Extracted records ::
╭──
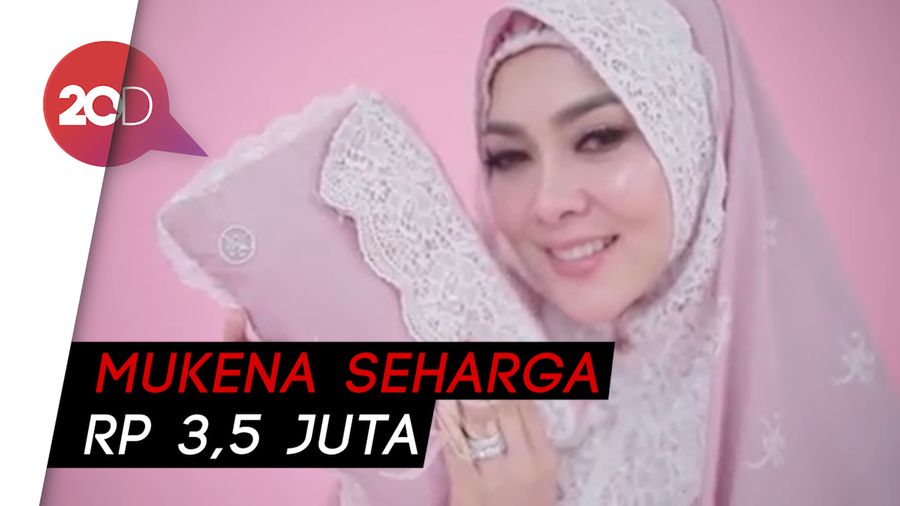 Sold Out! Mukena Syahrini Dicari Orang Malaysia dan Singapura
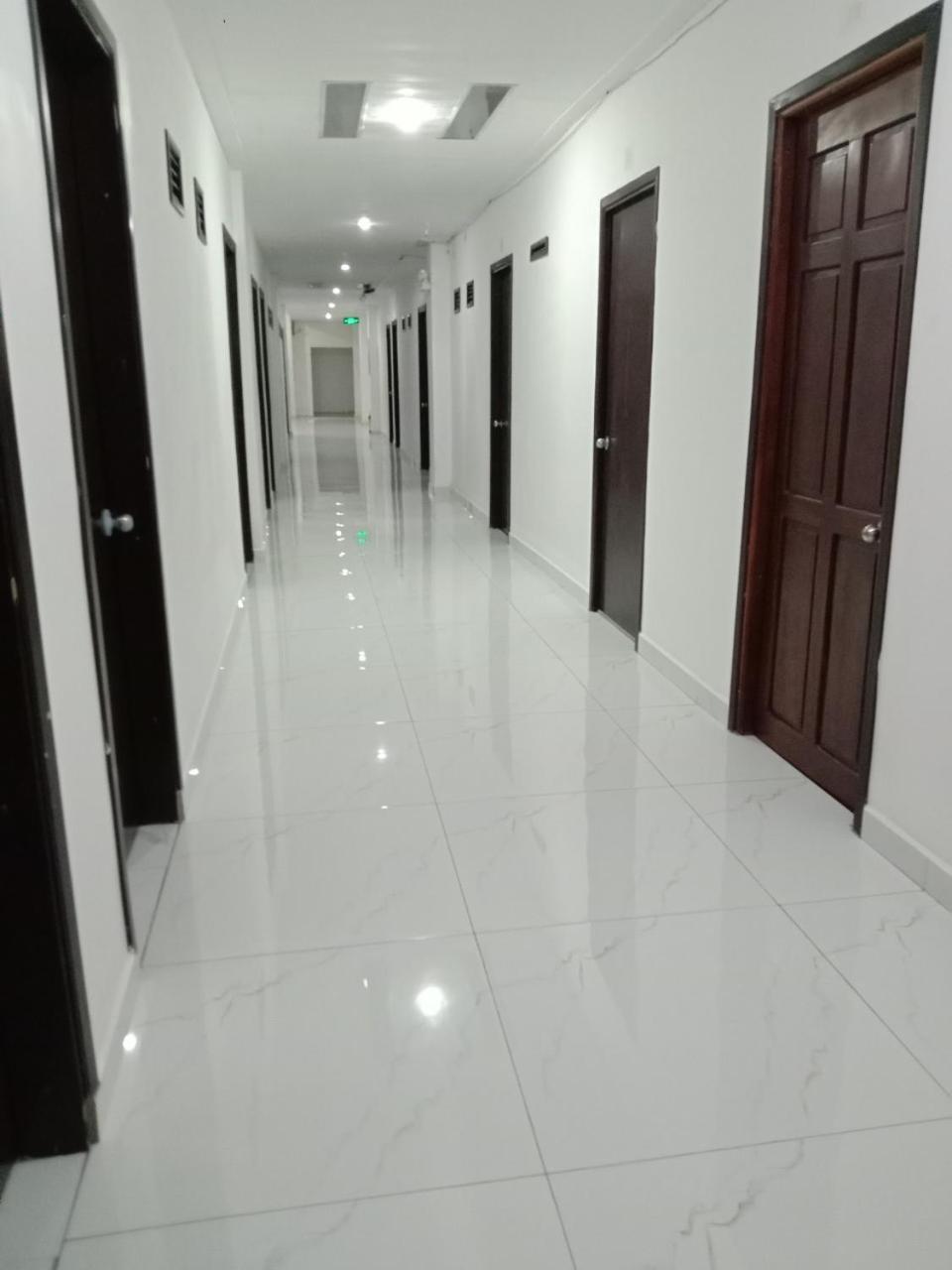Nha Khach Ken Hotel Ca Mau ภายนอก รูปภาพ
╰──
╭──
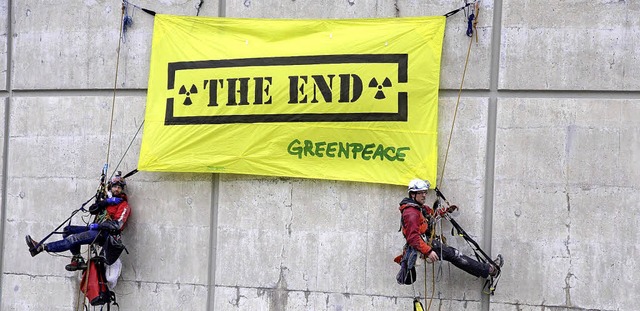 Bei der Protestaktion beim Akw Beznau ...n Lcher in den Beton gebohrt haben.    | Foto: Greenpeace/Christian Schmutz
╰──
What is being asked ::
Each line from the one that contains "Sold Out! Mukena" down to the one that contains "Nha Khach Ken Hotel Ca Mau ภายนอก รูปภาพ" is to be returned exactly as it stands above, both ends included, with pictures removed.

Answer to this task ::
 Sold Out! Mukena Syahrini Dicari Orang Malaysia dan Singapura
Nha Khach Ken Hotel Ca Mau ภายนอก รูปภาพ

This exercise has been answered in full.